• _Requirement_: An exact copy of the data is required, with no pictures in it.

• _Dataset extract_:
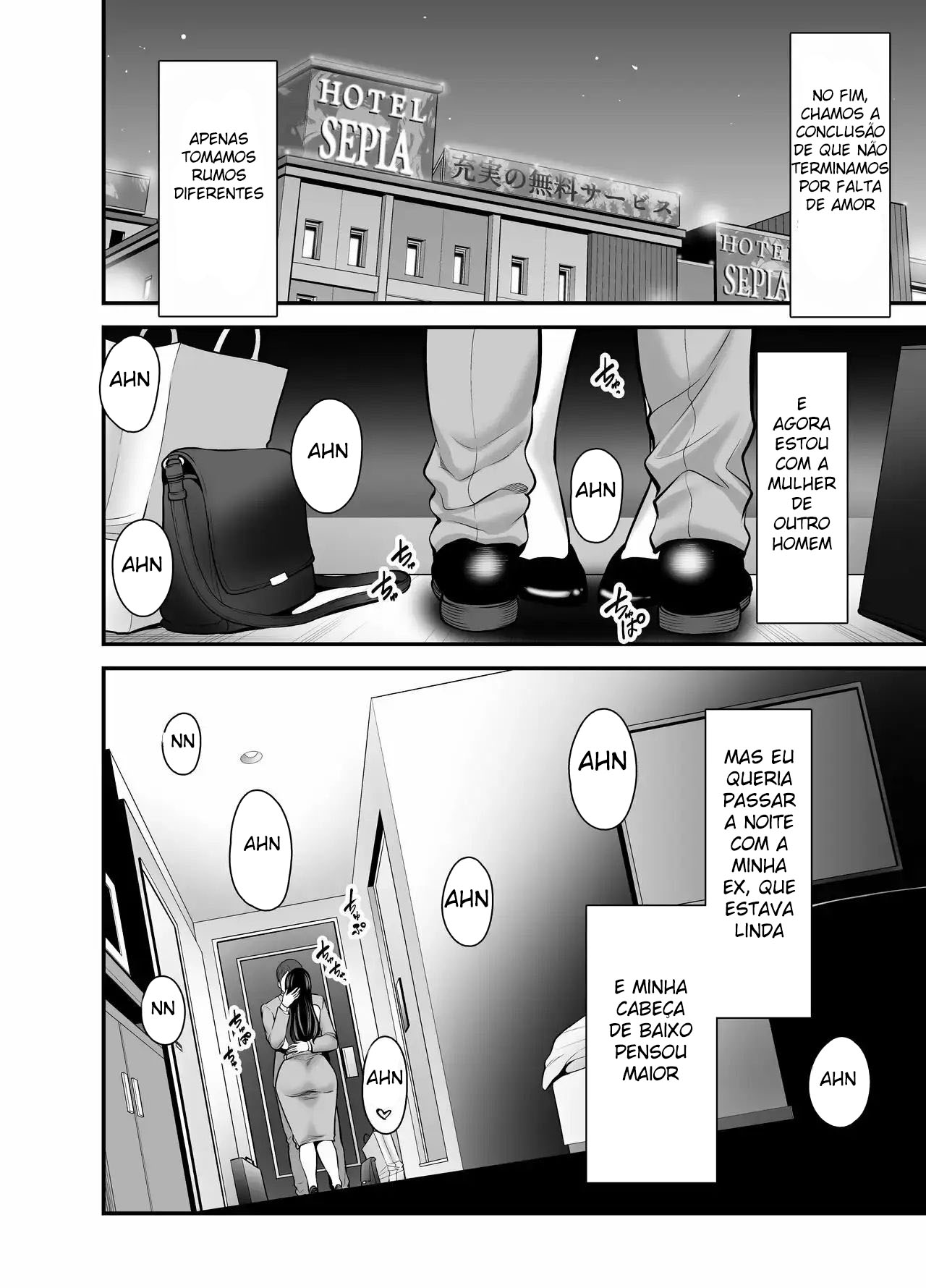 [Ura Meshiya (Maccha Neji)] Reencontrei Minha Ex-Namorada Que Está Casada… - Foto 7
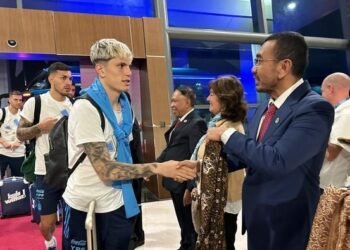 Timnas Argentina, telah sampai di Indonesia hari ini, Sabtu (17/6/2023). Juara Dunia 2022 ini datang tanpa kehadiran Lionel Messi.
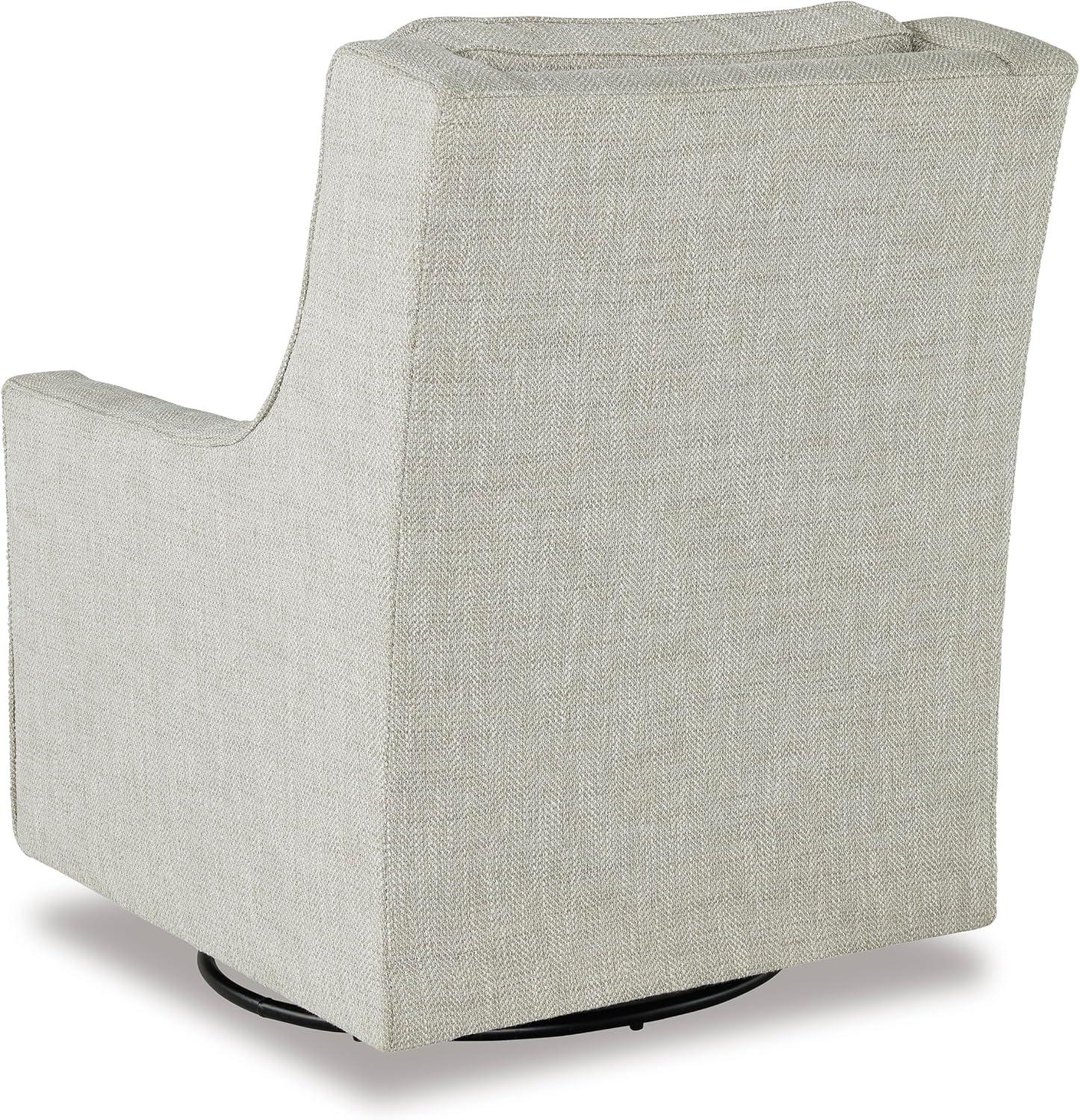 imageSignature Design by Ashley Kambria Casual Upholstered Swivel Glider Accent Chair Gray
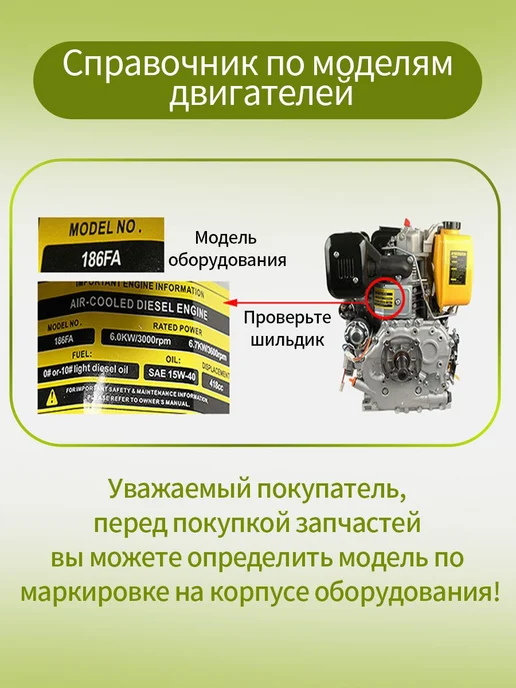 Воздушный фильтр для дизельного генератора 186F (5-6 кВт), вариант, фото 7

• _Task solution_:
 [Ura Meshiya (Maccha Neji)] Reencontrei Minha Ex-Namorada Que Está Casada… - Foto 7
 Timnas Argentina, telah sampai di Indonesia hari ini, Sabtu (17/6/2023). Juara Dunia 2022 ini datang tanpa kehadiran Lionel Messi.
 imageSignature Design by Ashley Kambria Casual Upholstered Swivel Glider Accent Chair Gray
 Воздушный фильтр для дизельного генератора 186F (5-6 кВт), вариант, фото 7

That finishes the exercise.